Philip Seymour Hoffman and Catherine Keener are Robert and Juliette, both musicians in the quartet and uncomfortably married to eachother. Their relationship is the first to deteriorate and its obvious that it’s the quartet and their affection for Peter that has kept them rooted together.

Imogen Poots plays their talented daughter, Alexandra with a pouty aggression that grates and leaves you full of sympathy for Juliette, her long-suffering mother. It’s difficult to understand why Juliette is on the receiving end of so much hostility when whatever faults she has are so minor. I think that’s one of the most profound problems is that neither husband or daughter convincingly get what they deserve, or realise that Juliette doesn’t deserve the treatment their metering out.

Mark Ivanir is the final part of the quartet and plays the part of the ageing mentor with creepy relish.
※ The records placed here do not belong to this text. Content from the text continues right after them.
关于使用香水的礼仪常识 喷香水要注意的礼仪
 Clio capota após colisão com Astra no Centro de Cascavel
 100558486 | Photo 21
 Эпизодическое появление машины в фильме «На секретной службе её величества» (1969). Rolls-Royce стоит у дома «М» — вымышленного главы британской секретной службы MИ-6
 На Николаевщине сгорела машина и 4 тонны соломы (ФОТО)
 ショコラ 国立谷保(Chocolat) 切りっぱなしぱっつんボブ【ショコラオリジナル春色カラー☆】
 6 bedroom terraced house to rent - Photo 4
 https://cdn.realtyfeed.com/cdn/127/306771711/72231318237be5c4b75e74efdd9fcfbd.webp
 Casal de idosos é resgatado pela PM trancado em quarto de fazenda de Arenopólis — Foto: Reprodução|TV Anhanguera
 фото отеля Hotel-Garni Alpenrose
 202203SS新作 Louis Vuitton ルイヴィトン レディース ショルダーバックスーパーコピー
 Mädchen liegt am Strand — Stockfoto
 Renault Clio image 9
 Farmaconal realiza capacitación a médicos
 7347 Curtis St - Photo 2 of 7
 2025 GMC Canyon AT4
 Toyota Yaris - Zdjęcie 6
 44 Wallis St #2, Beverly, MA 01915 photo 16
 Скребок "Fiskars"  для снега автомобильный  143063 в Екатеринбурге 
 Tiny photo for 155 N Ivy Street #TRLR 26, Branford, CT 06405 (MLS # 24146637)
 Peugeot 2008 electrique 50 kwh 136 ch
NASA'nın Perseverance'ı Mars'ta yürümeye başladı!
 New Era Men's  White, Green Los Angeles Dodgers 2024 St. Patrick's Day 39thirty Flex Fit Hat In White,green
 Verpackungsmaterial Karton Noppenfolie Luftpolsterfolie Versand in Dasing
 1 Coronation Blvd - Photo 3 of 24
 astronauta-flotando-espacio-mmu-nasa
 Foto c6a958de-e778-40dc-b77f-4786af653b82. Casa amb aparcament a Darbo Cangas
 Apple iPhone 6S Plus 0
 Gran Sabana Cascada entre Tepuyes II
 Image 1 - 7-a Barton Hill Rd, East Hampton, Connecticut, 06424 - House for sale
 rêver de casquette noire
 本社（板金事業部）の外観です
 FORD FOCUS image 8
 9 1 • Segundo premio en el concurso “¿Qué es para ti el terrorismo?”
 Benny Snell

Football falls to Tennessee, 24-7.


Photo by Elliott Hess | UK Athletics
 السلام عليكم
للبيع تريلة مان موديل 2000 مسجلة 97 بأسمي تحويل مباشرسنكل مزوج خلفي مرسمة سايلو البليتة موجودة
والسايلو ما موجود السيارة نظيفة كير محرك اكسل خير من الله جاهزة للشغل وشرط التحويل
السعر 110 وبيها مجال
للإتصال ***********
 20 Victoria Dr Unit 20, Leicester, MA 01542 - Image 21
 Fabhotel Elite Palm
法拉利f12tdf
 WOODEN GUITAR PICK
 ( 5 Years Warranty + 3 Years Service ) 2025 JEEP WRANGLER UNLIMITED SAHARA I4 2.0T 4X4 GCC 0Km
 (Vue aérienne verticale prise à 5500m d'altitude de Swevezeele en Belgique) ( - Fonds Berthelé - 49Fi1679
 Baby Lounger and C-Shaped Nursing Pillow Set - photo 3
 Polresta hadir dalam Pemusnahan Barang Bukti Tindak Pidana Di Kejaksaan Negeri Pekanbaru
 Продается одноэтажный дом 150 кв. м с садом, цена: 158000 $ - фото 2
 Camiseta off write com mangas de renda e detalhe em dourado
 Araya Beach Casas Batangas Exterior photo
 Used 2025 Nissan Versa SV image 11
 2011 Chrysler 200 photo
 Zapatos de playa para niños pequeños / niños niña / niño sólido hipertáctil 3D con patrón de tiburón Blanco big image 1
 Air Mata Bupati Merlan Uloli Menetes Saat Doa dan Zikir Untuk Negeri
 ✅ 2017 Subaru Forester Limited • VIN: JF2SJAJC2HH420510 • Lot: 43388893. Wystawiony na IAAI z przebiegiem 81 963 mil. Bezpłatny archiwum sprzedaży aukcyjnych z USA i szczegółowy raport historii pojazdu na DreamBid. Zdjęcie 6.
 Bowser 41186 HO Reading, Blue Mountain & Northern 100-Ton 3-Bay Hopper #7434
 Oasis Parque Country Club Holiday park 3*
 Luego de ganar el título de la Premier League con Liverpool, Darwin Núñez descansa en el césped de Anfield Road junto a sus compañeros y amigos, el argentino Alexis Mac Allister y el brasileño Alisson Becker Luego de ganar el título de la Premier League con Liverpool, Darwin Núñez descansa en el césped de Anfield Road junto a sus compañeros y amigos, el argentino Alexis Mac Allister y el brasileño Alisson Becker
He is almost an evil caricature of the older man, if it wasn’t that he was so easily manipulated by Alexandra.

The main problem for me is that I never really believed the characters were musicians and when the real musician came on screen, Nina Lee, this difference became even more marked. There was a lack of genuine passion for music from everyone except Christopher Walken. Walken elevates this to a standard it doesn’t deserve and his performance is so nuanced and delicate that by being almost passionless to everyone else’s hysteria and extreme behaviour, he becomes the most passionate of them all.